Below, locate the line that contains "620 Monte Vista". Repeat exactly from that line to the line that contains "Time lapse, overhead", inclusive, leaving out the pictures.

(Information supplied Opens)

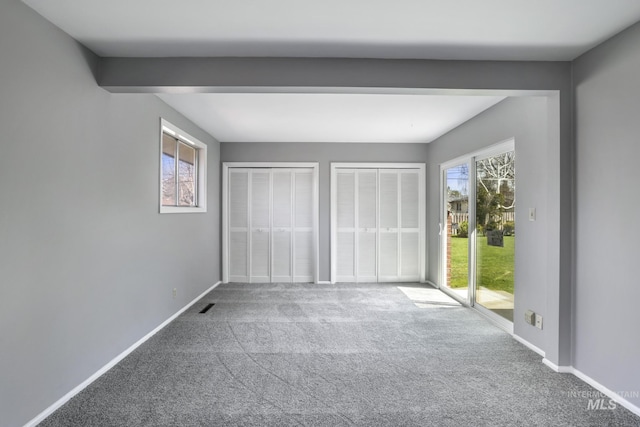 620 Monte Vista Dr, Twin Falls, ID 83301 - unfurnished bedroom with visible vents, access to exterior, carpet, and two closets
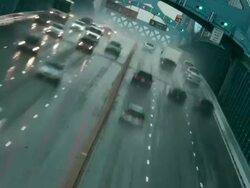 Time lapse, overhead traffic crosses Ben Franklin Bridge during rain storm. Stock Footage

(Information supplied Closes)
(Information supplied Opens)

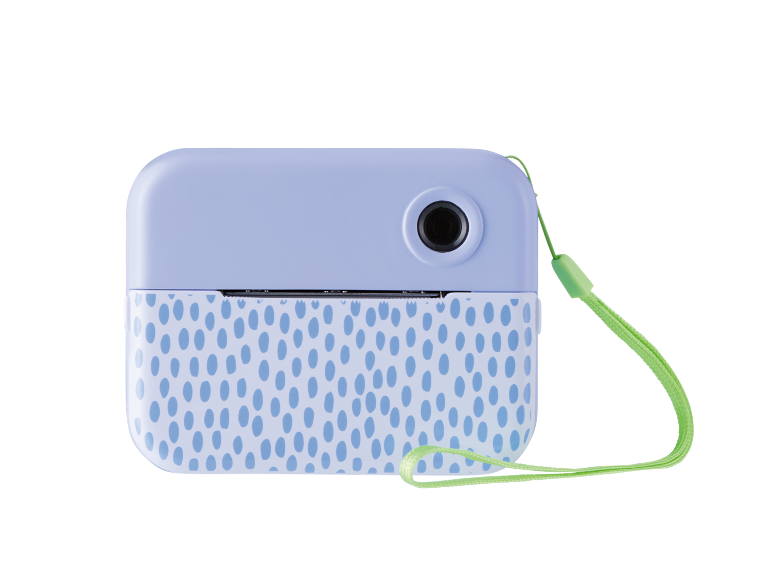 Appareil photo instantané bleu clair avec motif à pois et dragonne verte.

(Information supplied Closes)

Your solution>
 620 Monte Vista Dr, Twin Falls, ID 83301 - unfurnished bedroom with visible vents, access to exterior, carpet, and two closets
 Time lapse, overhead traffic crosses Ben Franklin Bridge during rain storm. Stock Footage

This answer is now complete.